HOW TO COMPLETE THIS TASK: For the data below, give again exactly the lines from the one containing "20 Terewah Circuit, Kaleen ACT 2617" through the one containing "Nectar Qi 300 Gr", both ends included, and no others.

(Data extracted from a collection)
──────
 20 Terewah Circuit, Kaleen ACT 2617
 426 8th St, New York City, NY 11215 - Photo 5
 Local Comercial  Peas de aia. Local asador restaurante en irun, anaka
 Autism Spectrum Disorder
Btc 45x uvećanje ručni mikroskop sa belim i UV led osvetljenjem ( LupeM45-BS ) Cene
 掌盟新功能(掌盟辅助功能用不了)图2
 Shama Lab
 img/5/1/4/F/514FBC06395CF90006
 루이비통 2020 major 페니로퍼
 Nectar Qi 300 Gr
──────
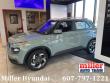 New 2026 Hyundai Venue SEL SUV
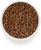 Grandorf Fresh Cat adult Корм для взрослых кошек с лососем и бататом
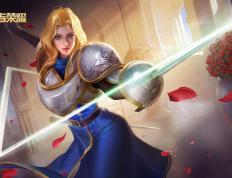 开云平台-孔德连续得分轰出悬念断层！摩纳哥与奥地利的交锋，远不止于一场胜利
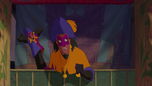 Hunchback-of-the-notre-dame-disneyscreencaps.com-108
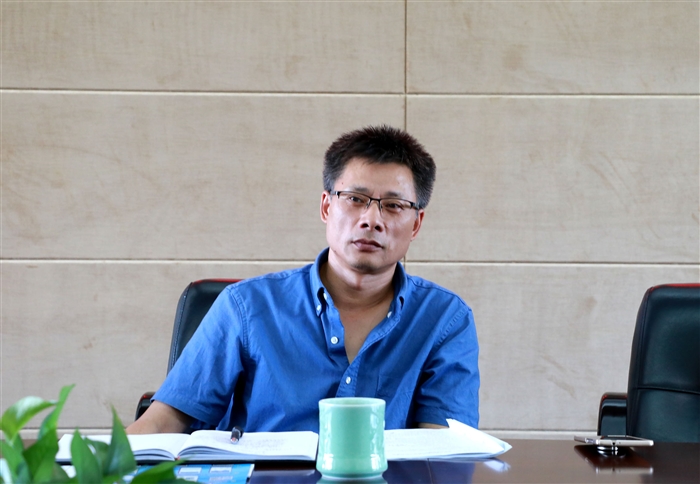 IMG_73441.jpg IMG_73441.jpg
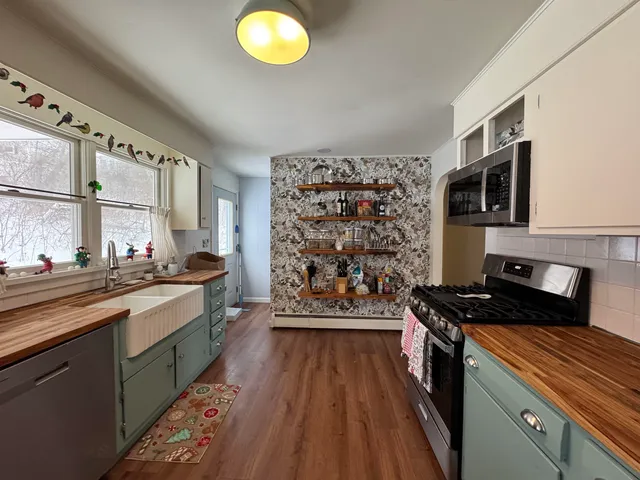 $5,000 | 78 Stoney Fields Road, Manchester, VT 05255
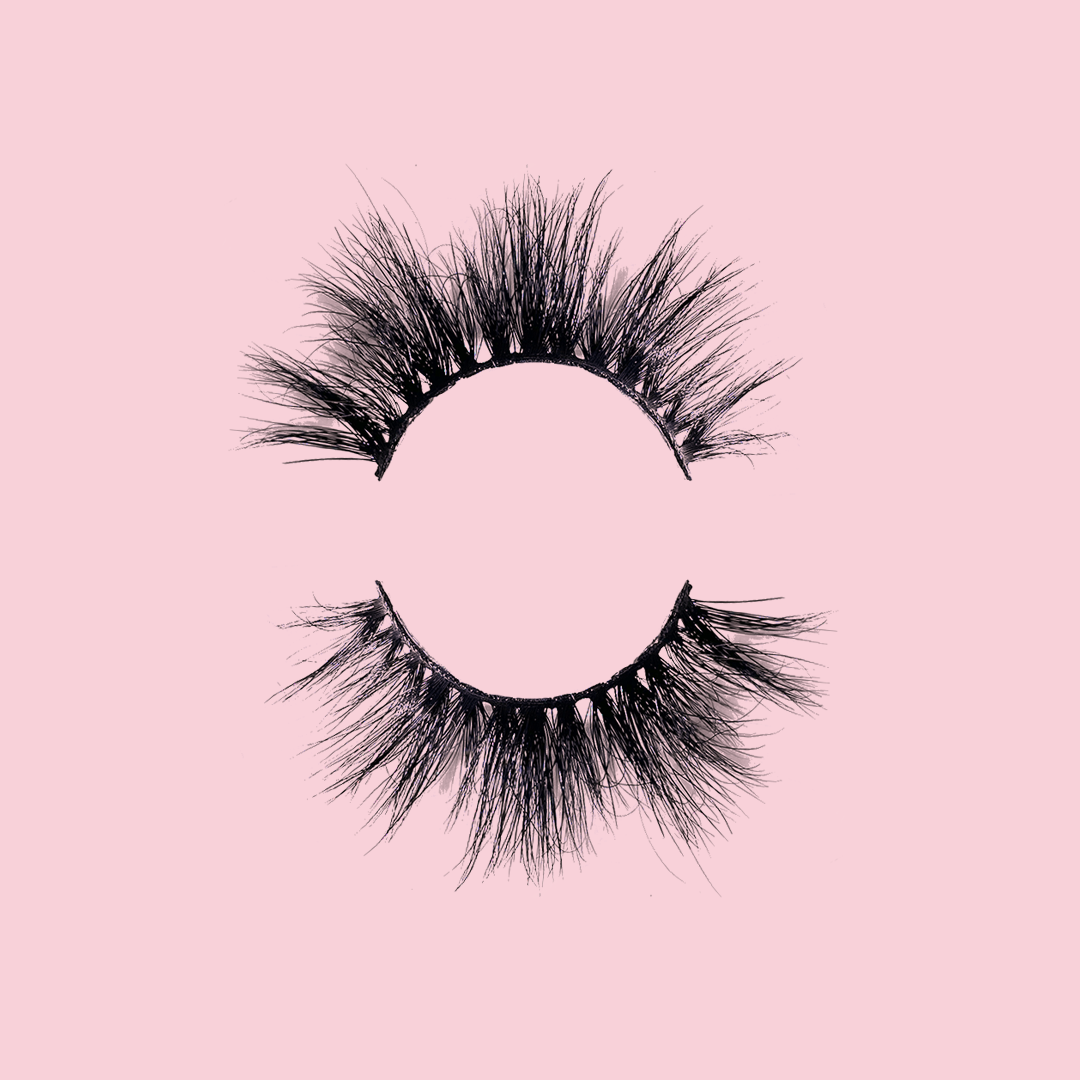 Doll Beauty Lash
──────
SOLUTION TO THE PROBLEM:
 20 Terewah Circuit, Kaleen ACT 2617
 426 8th St, New York City, NY 11215 - Photo 5
 Local Comercial  Peas de aia. Local asador restaurante en irun, anaka
 Autism Spectrum Disorder
Btc 45x uvećanje ručni mikroskop sa belim i UV led osvetljenjem ( LupeM45-BS ) Cene
 掌盟新功能(掌盟辅助功能用不了)图2
 Shama Lab
 img/5/1/4/F/514FBC06395CF90006
 루이비통 2020 major 페니로퍼
 Nectar Qi 300 Gr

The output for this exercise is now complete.